The Internet of Things (IoT) – an environment in which devices, sensors, and embedded technologies are connected to the Internet – continues to grow in leaps and bounds. According to Gartner, 4.9 billion “things” will be in use in 2015 while that number is projected to rise to 25 billion by 2020.

The sheer volume of information that already is and will be communicated by these sensors is staggering. These devices can provide business leaders with new insights on issues ranging from healthcare outcomes to automotive driver behaviors and operating conditions of plant floor equipment.

But as Tom Davenport, the President’s Distinguished Professor of Information Technology and Management at Babson College has pointed out, it’s the Analytics of Things or the analysis of data from IoT smart sensors that ultimately makes this information useful.

For instance, the Analytics of Things can use sensor data to detect potential problems in machinery, says Davenport, who is also a Research Fellow at the MIT Center for Digital Business and a Senior Advisor at Deloitte Analytics, It can detect and respond to anomalies that are outside of boundary conditions, such as identifying a person who is inhabiting a restricted security area. The Analytics of Things can also be used to notify a retail sales associate when a high-value customer has entered a store and prompt the associate to provide her with personalized and relevant assistance.

These types of insights can offer tremendous business value to enterprises that are equipped to act on them. One of the ways that CIOs can help prepare the enterprise for the Analytics of Things is by ensuring that it has the right infrastructure in place to receive, process, and analyze data that’s generated from a variety of connected devices. This includes ensuring that front-line managers and business leaders are receiving the right information at the right time for effective decision-making.

Historically, IT has spent an inordinate amount of time formatting data to make it usable by the business.  Part of the challenge is that some 80% of an organization’s data is unstructured (customer feedback, machine-to-machine data), making it difficult for decision-makers to access insights from the data and make it actionable.
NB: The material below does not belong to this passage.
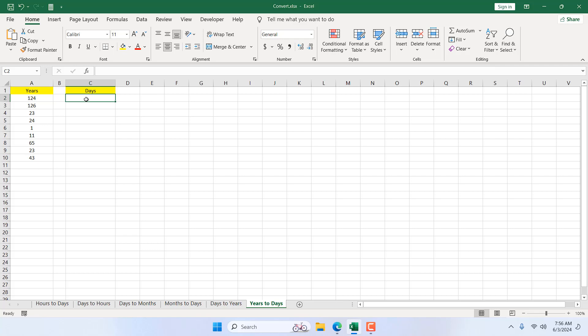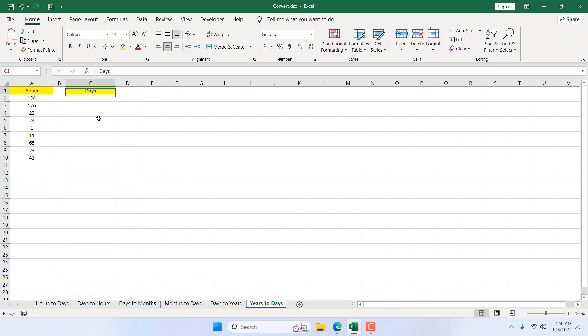Using Excel's built-in function, you will get a true calculation of year to days because one year equals 365.25 days, and that also considers leap year. So you will not get 365 here, you'll get 365.25. Okay, so let's learn how you can do that.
In today’s fast-paced business climate, organizational leaders need smarter and faster ways to gain insights from all data types quickly.

Fortunately, advances in areas such as text mining, machine learning, and artificial intelligence are making it much easier for enterprises to use and act on unstructured data. CIOs that are able to effectively communicate the challenges faced by businesses for harnessing real-time data can help convince senior management the value of investing in cutting-edge technologies that can enable the organization to outpace its rivals with swift decision-making capabilities.

By laying the groundwork for leveraging the Analytics of Things, business leaders are also better equipped to identify opportunities to transform the business and to create new revenue streams. It’s another critical way for the CIO to deliver value to the business.

“What really differentiates a company is how you come out to gain share,” says Anup Sharma, Global CIO, GE Oil & Gas in an HMG Strategy video. “And how you gain share is by solving customer problems. I really think that the innovation that we’re at the doorstep of as IT professionals is really analytics and the power of Big Data.”